Re: [PATCH 0/16] pnfs-submit fix layout allocation and reference counting

[Date Prev][Date Next][Thread Prev][Thread Next][Date Index][Thread Index]

 



On Thu, Jul 8, 2010 at 6:16 AM, Boaz Harrosh <bharrosh@xxxxxxxxxxx> wrote:
> On 07/08/2010 01:34 AM, andros@xxxxxxxxxx wrote:
>
> Hi Andy,
>
>> The current nfs_inode has an embedded pnfs_layout_type structure, with per
>> layout type private data allocated. Change nfs_inode->layout to be a pointer
>> to a pnfs_layout_type structure, embed the pnfs_layout_type in the per
>> layout type structure, and allocate both.
>>
>
> Amen
>
>> The current pnfs_layout_type allocation waits on a bit lock to handle
>> concurrent allocation attempts. Replace this with the normal form.
>>
>
> Why don't we allocate this at inode allocation.
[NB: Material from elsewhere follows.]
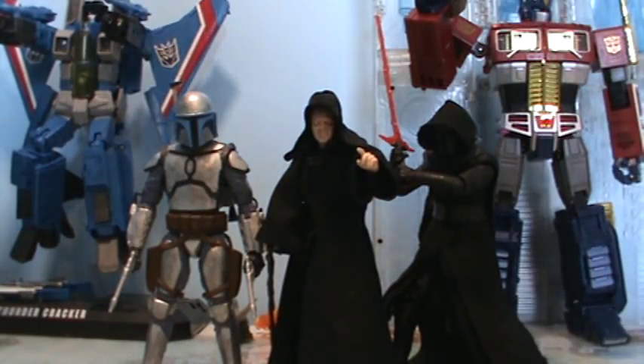Number two is the Black Series 6-inch line. Initially it was a line I wasn't planning to collect, mainly because of space constraints and the figures costing double the price of 3.75-inch figures. I got a 6-inch figure when they first came out and skipped a lot of waves. Then the Force Awakens figures came out, I picked up a couple, and I fell in love with the line. Because of the larger scale, you can get more articulation and more sculpted detail and accuracy into them. They just look so, so cool.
We don't know if we need it at inode allocation. Remember, GFS2 only
uses RO layouts. Plus, the protocol allows a file system to use more
than one layout type and each layout type has a different private
portion of the layout structure.


> Or inode iget() once
> and be done with it.
> Why the fights, races, and error handling?
> In a normal pnfs-able mount five-9(s) percent of IO operations need
> a layout_type structure. Let's optimize the fast path. On these
> rare "error" cases when we could not get any lsegs and eventually
> did not use the nfsi->layout, who cares that we allocated extra
> 20 bytes.
>
>> The current pnfs_layout_type reference counting is very un-clear, and one
>> instance of put_layout was called outside the i_lock which probably was
>> causing the intermittant pnfs_layout_type refcount bug we've been seeing.
>>
>> Replace the nfs_inode->layout reference counting with the following scheme:
>>
>> As in the current code, the pnfs_layout_type reference counting is always done
>> with the inode->i_lock held.
>>
>> The nfs_inode->layout comes into existence when the first layout_segment is
>> cached and stays until inode is destroyed.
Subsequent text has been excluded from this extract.